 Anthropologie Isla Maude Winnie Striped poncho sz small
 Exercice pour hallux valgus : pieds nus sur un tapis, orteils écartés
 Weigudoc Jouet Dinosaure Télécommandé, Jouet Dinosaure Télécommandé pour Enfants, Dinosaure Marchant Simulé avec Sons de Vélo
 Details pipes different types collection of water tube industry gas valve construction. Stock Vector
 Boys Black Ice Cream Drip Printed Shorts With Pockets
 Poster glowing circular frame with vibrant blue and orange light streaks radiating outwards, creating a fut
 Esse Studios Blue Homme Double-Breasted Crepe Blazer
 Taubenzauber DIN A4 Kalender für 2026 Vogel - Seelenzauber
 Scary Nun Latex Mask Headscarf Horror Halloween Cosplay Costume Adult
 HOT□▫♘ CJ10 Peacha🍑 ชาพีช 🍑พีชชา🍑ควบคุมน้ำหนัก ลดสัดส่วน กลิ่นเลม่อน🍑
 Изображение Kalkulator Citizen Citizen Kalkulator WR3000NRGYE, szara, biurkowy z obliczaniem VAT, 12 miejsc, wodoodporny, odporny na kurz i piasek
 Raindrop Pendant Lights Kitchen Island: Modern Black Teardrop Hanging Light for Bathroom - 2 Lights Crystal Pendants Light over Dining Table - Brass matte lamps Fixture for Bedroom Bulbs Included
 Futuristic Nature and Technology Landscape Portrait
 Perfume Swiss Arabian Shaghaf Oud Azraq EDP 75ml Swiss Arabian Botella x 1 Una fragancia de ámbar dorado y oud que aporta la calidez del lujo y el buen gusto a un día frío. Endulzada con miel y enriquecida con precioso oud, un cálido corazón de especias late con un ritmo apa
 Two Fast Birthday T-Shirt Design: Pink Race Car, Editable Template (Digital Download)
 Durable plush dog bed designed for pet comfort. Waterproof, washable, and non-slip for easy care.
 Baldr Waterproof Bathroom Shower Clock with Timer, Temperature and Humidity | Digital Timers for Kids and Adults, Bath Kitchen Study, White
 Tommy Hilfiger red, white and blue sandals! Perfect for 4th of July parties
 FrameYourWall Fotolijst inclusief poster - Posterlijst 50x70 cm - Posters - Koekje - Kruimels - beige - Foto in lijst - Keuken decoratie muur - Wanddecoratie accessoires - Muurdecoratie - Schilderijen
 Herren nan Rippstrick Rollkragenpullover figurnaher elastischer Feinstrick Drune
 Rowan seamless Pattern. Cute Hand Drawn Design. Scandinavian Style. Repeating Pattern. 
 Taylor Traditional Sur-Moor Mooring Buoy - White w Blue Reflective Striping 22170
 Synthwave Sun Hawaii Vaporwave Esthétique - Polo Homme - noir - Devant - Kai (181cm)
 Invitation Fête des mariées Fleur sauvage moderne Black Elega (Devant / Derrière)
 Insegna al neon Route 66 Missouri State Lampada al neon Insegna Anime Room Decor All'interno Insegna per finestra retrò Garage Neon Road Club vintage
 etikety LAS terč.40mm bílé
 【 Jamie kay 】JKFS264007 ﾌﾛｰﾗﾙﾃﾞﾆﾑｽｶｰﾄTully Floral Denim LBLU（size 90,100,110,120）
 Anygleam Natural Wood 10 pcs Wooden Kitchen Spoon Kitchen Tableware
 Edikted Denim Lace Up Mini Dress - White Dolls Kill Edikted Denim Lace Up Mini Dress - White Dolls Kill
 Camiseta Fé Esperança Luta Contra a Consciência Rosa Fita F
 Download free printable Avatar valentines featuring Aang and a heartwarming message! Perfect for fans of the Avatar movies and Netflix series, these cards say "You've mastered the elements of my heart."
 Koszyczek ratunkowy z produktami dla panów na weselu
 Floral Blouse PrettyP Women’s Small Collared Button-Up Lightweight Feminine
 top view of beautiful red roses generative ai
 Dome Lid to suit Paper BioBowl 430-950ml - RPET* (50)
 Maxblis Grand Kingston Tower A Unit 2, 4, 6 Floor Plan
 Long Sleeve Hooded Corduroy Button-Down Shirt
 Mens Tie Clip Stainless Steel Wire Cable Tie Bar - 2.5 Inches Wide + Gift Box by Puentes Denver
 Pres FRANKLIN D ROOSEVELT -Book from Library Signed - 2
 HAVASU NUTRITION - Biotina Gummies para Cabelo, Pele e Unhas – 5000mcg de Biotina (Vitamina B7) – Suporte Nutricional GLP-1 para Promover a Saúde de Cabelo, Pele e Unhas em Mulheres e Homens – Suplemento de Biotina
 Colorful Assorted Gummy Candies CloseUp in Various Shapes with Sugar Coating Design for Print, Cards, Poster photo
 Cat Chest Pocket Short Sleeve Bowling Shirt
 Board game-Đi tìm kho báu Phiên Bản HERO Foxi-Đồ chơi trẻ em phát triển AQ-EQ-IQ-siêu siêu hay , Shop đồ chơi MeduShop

• • • • • • •

About this task:
Copy out the entries above again, keeping them exact.

Task response:
 Anthropologie Isla Maude Winnie Striped poncho sz small
 Exercice pour hallux valgus : pieds nus sur un tapis, orteils écartés
 Weigudoc Jouet Dinosaure Télécommandé, Jouet Dinosaure Télécommandé pour Enfants, Dinosaure Marchant Simulé avec Sons de Vélo
 Details pipes different types collection of water tube industry gas valve construction. Stock Vector
 Boys Black Ice Cream Drip Printed Shorts With Pockets
 Poster glowing circular frame with vibrant blue and orange light streaks radiating outwards, creating a fut
 Esse Studios Blue Homme Double-Breasted Crepe Blazer
 Taubenzauber DIN A4 Kalender für 2026 Vogel - Seelenzauber
 Scary Nun Latex Mask Headscarf Horror Halloween Cosplay Costume Adult
 HOT□▫♘ CJ10 Peacha🍑 ชาพีช 🍑พีชชา🍑ควบคุมน้ำหนัก ลดสัดส่วน กลิ่นเลม่อน🍑
 Изображение Kalkulator Citizen Citizen Kalkulator WR3000NRGYE, szara, biurkowy z obliczaniem VAT, 12 miejsc, wodoodporny, odporny na kurz i piasek
 Raindrop Pendant Lights Kitchen Island: Modern Black Teardrop Hanging Light for Bathroom - 2 Lights Crystal Pendants Light over Dining Table - Brass matte lamps Fixture for Bedroom Bulbs Included
 Futuristic Nature and Technology Landscape Portrait
 Perfume Swiss Arabian Shaghaf Oud Azraq EDP 75ml Swiss Arabian Botella x 1 Una fragancia de ámbar dorado y oud que aporta la calidez del lujo y el buen gusto a un día frío. Endulzada con miel y enriquecida con precioso oud, un cálido corazón de especias late con un ritmo apa
 Two Fast Birthday T-Shirt Design: Pink Race Car, Editable Template (Digital Download)
 Durable plush dog bed designed for pet comfort. Waterproof, washable, and non-slip for easy care.
 Baldr Waterproof Bathroom Shower Clock with Timer, Temperature and Humidity | Digital Timers for Kids and Adults, Bath Kitchen Study, White
 Tommy Hilfiger red, white and blue sandals! Perfect for 4th of July parties
 FrameYourWall Fotolijst inclusief poster - Posterlijst 50x70 cm - Posters - Koekje - Kruimels - beige - Foto in lijst - Keuken decoratie muur - Wanddecoratie accessoires - Muurdecoratie - Schilderijen
 Herren nan Rippstrick Rollkragenpullover figurnaher elastischer Feinstrick Drune
 Rowan seamless Pattern. Cute Hand Drawn Design. Scandinavian Style. Repeating Pattern. 
 Taylor Traditional Sur-Moor Mooring Buoy - White w Blue Reflective Striping 22170
 Synthwave Sun Hawaii Vaporwave Esthétique - Polo Homme - noir - Devant - Kai (181cm)
 Invitation Fête des mariées Fleur sauvage moderne Black Elega (Devant / Derrière)
 Insegna al neon Route 66 Missouri State Lampada al neon Insegna Anime Room Decor All'interno Insegna per finestra retrò Garage Neon Road Club vintage
 etikety LAS terč.40mm bílé
 【 Jamie kay 】JKFS264007 ﾌﾛｰﾗﾙﾃﾞﾆﾑｽｶｰﾄTully Floral Denim LBLU（size 90,100,110,120）
 Anygleam Natural Wood 10 pcs Wooden Kitchen Spoon Kitchen Tableware
 Edikted Denim Lace Up Mini Dress - White Dolls Kill Edikted Denim Lace Up Mini Dress - White Dolls Kill
 Camiseta Fé Esperança Luta Contra a Consciência Rosa Fita F
 Download free printable Avatar valentines featuring Aang and a heartwarming message! Perfect for fans of the Avatar movies and Netflix series, these cards say "You've mastered the elements of my heart."
 Koszyczek ratunkowy z produktami dla panów na weselu
 Floral Blouse PrettyP Women’s Small Collared Button-Up Lightweight Feminine
 top view of beautiful red roses generative ai
 Dome Lid to suit Paper BioBowl 430-950ml - RPET* (50)
 Maxblis Grand Kingston Tower A Unit 2, 4, 6 Floor Plan
 Long Sleeve Hooded Corduroy Button-Down Shirt
 Mens Tie Clip Stainless Steel Wire Cable Tie Bar - 2.5 Inches Wide + Gift Box by Puentes Denver
 Pres FRANKLIN D ROOSEVELT -Book from Library Signed - 2
 HAVASU NUTRITION - Biotina Gummies para Cabelo, Pele e Unhas – 5000mcg de Biotina (Vitamina B7) – Suporte Nutricional GLP-1 para Promover a Saúde de Cabelo, Pele e Unhas em Mulheres e Homens – Suplemento de Biotina
 Colorful Assorted Gummy Candies CloseUp in Various Shapes with Sugar Coating Design for Print, Cards, Poster photo
 Cat Chest Pocket Short Sleeve Bowling Shirt
 Board game-Đi tìm kho báu Phiên Bản HERO Foxi-Đồ chơi trẻ em phát triển AQ-EQ-IQ-siêu siêu hay , Shop đồ chơi MeduShop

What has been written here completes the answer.